Come schiacciare le bolle d’aria degli imballaggi: il principio fisico è uguale, come è uguale il godimento e la dipendenza che ne deriva.
Scrocchiarsi le dita e altre parti del corpo: lo scoppiettino dell’articolazione mi ha abituato alla ricerca ossessiva di questo modesto indispensabile sollievo. Nell’età dello sviluppo era una timida sfida al proprio corpo, ora è un riflesso inevitabile, come inevitabile è sbattere le palpebre, o sbadigliare.
Ogni 15-20 minuti la bolla di piacere è di nuovo pronta per essere scoppiata.
Fa male? Fa bene? La scienza è divisa, grande mistero dell’universo. “Siamo fatti così”. Gli articoli che ne parlano sono un evergreen del web, come gli effetti negativi o positivi del caffè, o i rimedi per le sbronze.
Ecco le parti che mi scrocchio abitualmente:
- Tutte le dita delle mani, tirando su, giù, di lato, qualunque direzione.
- La schiena, qualcosa sulla sinistra, dovuta al peso della chitarra elettrica sorretta dalla cinghia che per anni ha gravato su una spalla sola.
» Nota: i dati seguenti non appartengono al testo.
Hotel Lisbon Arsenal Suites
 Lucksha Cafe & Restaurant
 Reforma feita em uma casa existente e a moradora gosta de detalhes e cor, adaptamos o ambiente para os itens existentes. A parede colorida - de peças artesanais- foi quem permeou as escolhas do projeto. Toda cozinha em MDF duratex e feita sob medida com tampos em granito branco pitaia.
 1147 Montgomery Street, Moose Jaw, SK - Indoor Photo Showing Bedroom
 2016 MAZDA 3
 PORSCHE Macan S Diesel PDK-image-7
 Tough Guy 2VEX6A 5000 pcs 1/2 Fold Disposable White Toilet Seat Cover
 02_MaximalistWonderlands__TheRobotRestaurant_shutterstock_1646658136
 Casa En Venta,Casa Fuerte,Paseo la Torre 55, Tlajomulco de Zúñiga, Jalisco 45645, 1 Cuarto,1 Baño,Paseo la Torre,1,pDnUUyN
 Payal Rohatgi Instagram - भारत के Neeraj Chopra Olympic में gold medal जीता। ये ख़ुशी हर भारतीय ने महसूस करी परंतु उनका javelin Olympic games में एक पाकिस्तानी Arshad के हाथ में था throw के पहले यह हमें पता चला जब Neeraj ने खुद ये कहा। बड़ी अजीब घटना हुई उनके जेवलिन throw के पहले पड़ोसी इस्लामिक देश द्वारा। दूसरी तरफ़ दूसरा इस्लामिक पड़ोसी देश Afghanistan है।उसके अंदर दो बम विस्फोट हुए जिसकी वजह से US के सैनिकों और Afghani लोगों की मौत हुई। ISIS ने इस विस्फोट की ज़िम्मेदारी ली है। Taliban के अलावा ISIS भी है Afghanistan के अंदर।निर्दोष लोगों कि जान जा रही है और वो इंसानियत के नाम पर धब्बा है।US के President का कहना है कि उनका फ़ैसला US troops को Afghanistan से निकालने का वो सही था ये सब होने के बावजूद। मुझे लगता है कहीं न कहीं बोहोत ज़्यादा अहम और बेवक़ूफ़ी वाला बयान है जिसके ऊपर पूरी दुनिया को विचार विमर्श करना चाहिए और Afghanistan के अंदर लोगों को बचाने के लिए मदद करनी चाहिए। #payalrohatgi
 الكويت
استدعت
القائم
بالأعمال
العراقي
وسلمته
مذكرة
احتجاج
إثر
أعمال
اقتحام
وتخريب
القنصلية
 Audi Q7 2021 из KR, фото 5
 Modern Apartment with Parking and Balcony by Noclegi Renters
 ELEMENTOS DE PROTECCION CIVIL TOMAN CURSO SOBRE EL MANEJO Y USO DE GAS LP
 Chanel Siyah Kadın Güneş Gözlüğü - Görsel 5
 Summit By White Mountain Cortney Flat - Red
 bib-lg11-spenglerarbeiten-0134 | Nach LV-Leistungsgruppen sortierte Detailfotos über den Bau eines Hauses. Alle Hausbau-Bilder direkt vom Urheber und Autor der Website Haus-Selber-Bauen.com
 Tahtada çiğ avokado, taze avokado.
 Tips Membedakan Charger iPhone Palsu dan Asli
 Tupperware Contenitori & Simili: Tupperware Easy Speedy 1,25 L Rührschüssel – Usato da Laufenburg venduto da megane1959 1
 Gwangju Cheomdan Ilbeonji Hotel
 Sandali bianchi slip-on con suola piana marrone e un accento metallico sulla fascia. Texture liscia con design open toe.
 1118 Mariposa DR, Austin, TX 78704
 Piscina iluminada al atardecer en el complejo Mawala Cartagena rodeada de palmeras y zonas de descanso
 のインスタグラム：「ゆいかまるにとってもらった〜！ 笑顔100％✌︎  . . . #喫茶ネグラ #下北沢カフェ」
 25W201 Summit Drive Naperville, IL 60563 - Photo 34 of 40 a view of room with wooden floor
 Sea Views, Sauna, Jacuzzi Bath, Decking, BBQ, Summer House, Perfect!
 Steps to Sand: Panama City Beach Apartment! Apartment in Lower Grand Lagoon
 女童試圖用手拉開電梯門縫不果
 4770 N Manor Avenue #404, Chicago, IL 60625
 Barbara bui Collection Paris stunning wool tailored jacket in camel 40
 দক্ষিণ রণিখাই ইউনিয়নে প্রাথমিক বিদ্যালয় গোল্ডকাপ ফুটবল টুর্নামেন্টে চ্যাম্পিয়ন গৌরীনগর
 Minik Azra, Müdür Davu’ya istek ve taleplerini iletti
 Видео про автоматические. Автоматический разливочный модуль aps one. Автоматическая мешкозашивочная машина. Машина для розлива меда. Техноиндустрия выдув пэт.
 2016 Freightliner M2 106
- Il collo (ma una volta di più, facendo pressione sulla nuca: una mitraglietta di 5/6 mini-crack che mi fa godere da dio). È lo scrocchio che mi dà più soddisfazione. Una volta qualcuno, non ricordo chi, mi ha detto che è pericoloso, lo puoi fare solo se sai il modo corretto di farlo perché rischi di rimanere paralizzato. Da quel giorno ogni volta ho un po’ di paura, ma poi non succede niente. Forse è anche questa piccola sensazione di pericolo che accresce il piacere finale.
- Il gomito sinistro, raramente il destro, credo perché sono spesso piegati quando sto al computer.
- Il terzo e quarto dito dei piedi, uno dei crack più violenti.
- Il ginocchio sinistro: ha avuto due operazioni e qualche equilibrio lì dentro deve essersi incasinato. Anche il destro se sto tanto in piedi: mi piego in ginocchio, un bello scrocchio e riparto di slancio.
- Il polso quando mi sveglio dopo aver dormito in posizioni strane.
- Il collo del piede, non ricordo quale, forse tutti e due.
- La caviglia se la ruoto più volte, ma è così debole che magari non vale.
Provo stupore e invidia per le persone che riescono a scrocchiarsi incredibili giunture a me nuove. Provo una certa frustrazione quando non riesco a scrocchiare qualcosa, poi insisto finché non raggiungo il risultato.
Non so se è più un “crack” o uno “stock”, comunque l’onomatopeico verbo “scrocchiarsi” mette d’accordo tutti. Ma anche “schioccarsi” può funzionare.
(Descrivere nei dettagli tutto ciò sa quasi di autoanalisi: effettivamente forse sto meglio. Anzi, nell’atto stesso di scrivere qualcosa ogni tanto provo sensazioni simili a quelle descritte. Il cervello: una bolla d’aria da scrocchiare ogni tanto.)